Ouais, mais bon, tu exagères Erwan, il ne faut pas tout mélanger : la guerre en Irak et l’appauvrissement des classes moyennes, l’accroissement du nombre d’obèses et l’ultra libéralisme publicitaire, les profits des multinationales et la hausse des agressions sur les personnes.
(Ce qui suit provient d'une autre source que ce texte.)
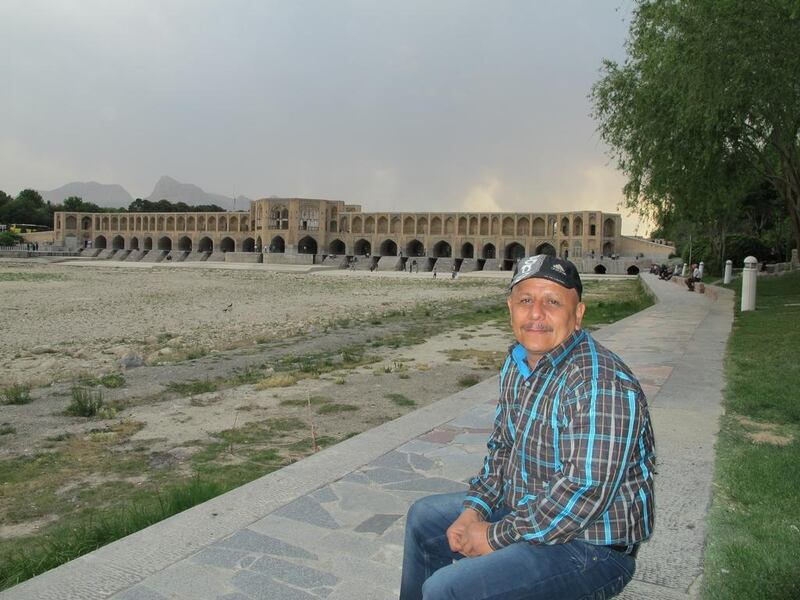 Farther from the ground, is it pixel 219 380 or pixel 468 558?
pixel 468 558

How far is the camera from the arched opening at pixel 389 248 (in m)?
71.4

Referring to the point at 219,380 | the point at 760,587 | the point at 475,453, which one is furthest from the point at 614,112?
the point at 760,587

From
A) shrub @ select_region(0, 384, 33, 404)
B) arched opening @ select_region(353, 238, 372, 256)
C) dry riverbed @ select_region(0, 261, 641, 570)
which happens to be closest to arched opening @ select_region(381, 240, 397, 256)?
arched opening @ select_region(353, 238, 372, 256)

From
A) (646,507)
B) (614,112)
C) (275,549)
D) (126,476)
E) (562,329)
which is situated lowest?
(126,476)

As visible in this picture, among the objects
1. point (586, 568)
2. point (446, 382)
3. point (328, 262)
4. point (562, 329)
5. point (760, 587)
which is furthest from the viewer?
point (328, 262)

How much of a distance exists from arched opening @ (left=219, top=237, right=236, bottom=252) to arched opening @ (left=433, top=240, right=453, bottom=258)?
25.6m

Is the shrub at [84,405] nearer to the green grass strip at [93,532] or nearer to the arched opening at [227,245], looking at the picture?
the green grass strip at [93,532]

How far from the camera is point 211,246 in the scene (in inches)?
3209

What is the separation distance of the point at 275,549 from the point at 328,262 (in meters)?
63.2

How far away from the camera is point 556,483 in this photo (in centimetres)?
184

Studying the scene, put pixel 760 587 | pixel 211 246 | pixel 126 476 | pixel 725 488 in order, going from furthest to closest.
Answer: pixel 211 246 < pixel 126 476 < pixel 725 488 < pixel 760 587

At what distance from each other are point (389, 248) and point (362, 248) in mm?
3708

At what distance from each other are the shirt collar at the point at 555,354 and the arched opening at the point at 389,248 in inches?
2715

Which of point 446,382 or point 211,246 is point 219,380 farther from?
point 211,246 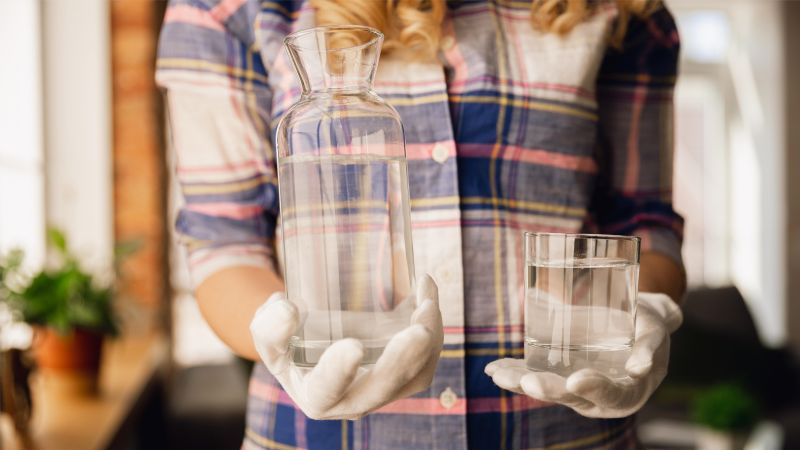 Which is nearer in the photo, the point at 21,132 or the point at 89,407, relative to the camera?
the point at 89,407

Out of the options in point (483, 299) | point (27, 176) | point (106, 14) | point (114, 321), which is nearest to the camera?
point (483, 299)

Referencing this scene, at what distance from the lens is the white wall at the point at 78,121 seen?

Et on peut très bien être à la fois vendeur d’armes et patron de presse impartial et équitable, où est le problème?…

Ce monde n’est pas le mien.

Car pendant qu’on ratiocine pour savoir si Mme Royal a été meilleure que M. Sarkozy pendant le débat télévisé, pendant qu’on relève les erreurs de chiffres de l’un et de l’autre, pendant qu’on explique par les mécanismes normaux du jeu politique la lamentable trahison (vous voyez un autre mot ?) des députés UDF, des juges sont empêchées de perquisitionner à l’Élysée et M. Chirac se prépare une retraite paisible à l’ombre d’une amnistie programmée.
Pendant que des électeurs de gauche et d’extrême-gauche crachent sur leurs idéaux humanistes en organisant leur week-end à la pêche ou en passant au Kärcher leur bulletin de vote, la vie politique se balkanyse.

Ce monde n’est pas le mien.

Et pourtant… Pourtant je suis persuadé qu’il faut continuer à gueuler, même dans le vide, qu’il faut continuer à écrire pour faire changer le monde, qu’il faut continuer à se sourire pour faire reculer l’irrespect.

Quel rapport avec mon blog, me demanderez-vous ? Si j’avais renoncé à mes principes, peut-être ne serais-je pas un auteur raté.